• [Instructions for the task]
Print the listing below only from the line that has "A dual-monitor setup" through the line that has "106 Prairie Grass", exactly, and drop any picture.

*** Opening of Data ***

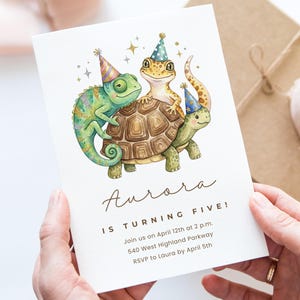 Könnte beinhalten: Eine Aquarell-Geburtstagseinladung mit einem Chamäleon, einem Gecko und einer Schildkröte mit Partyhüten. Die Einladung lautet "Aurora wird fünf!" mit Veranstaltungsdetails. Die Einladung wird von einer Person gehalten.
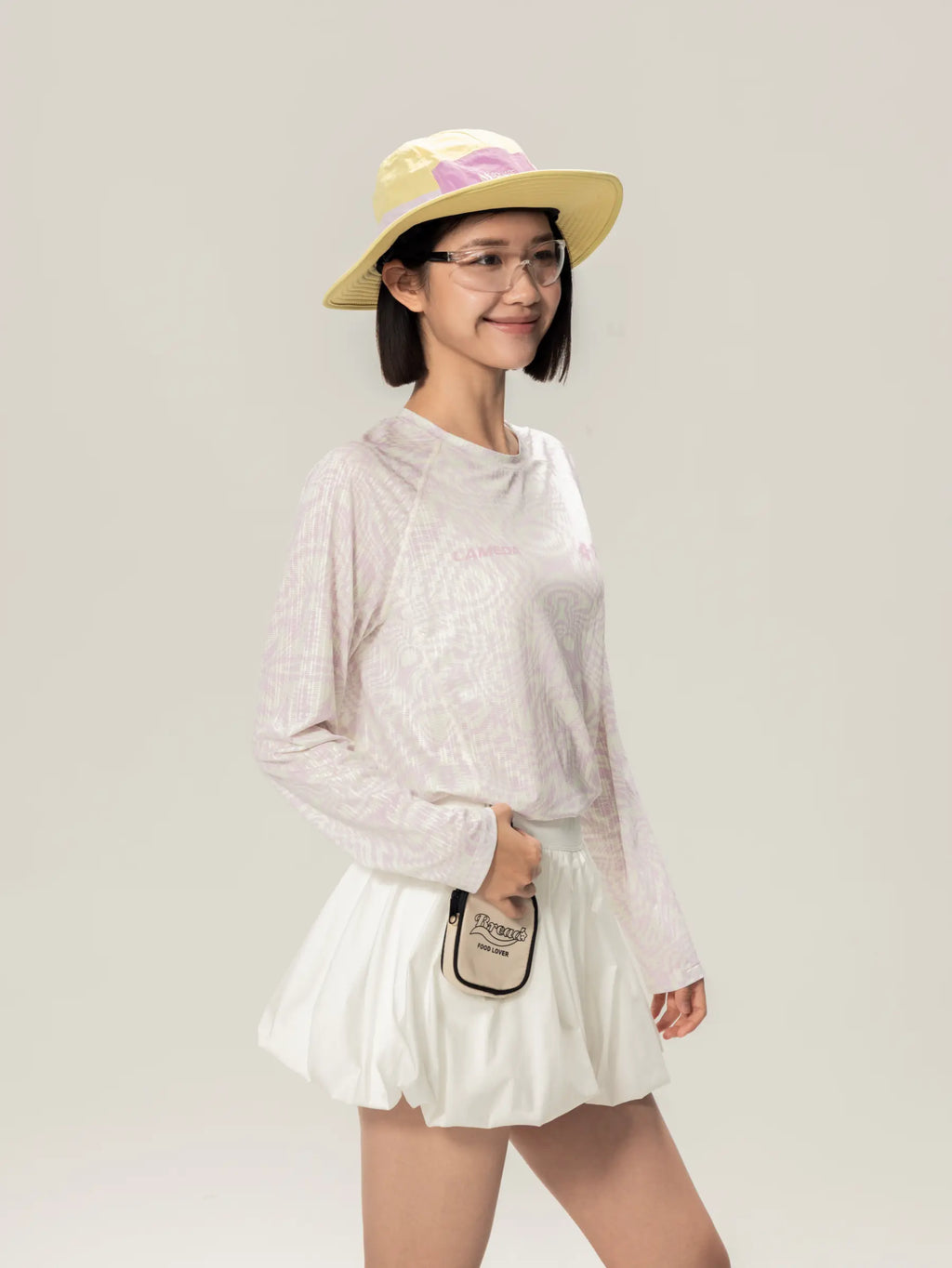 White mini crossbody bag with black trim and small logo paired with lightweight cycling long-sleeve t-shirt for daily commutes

*** Close of Data ***
*** Opening of Data ***

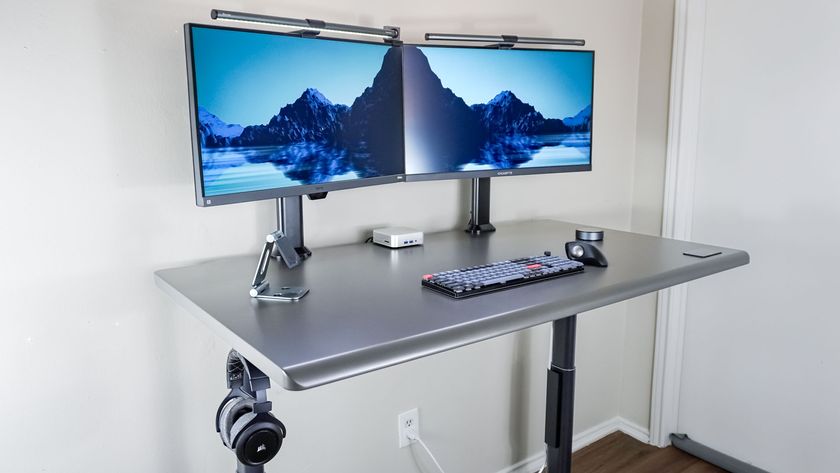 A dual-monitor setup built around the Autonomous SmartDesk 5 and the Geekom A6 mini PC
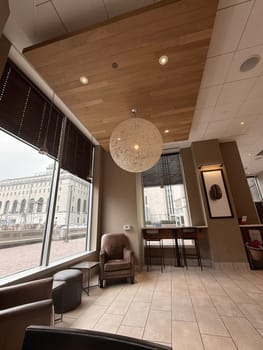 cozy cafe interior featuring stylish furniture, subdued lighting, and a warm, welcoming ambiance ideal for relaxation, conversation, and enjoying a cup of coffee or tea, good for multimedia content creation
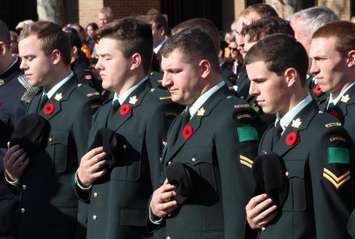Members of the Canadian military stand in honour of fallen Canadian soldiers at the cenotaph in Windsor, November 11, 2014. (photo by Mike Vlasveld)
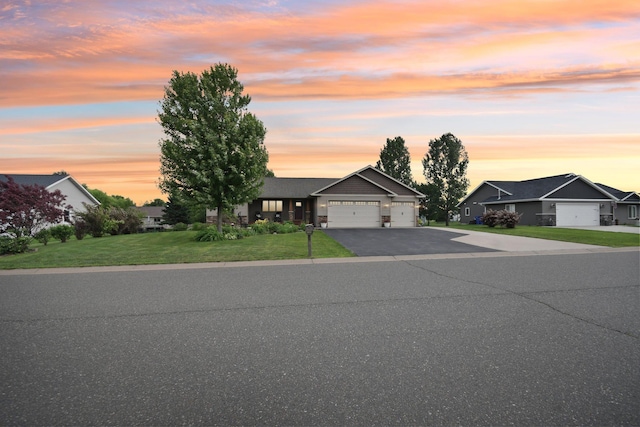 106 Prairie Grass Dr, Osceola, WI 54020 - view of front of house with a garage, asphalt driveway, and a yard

*** Close of Data ***

• [Written response]
 A dual-monitor setup built around the Autonomous SmartDesk 5 and the Geekom A6 mini PC
 cozy cafe interior featuring stylish furniture, subdued lighting, and a warm, welcoming ambiance ideal for relaxation, conversation, and enjoying a cup of coffee or tea, good for multimedia content creation
Members of the Canadian military stand in honour of fallen Canadian soldiers at the cenotaph in Windsor, November 11, 2014. (photo by Mike Vlasveld)
 106 Prairie Grass Dr, Osceola, WI 54020 - view of front of house with a garage, asphalt driveway, and a yard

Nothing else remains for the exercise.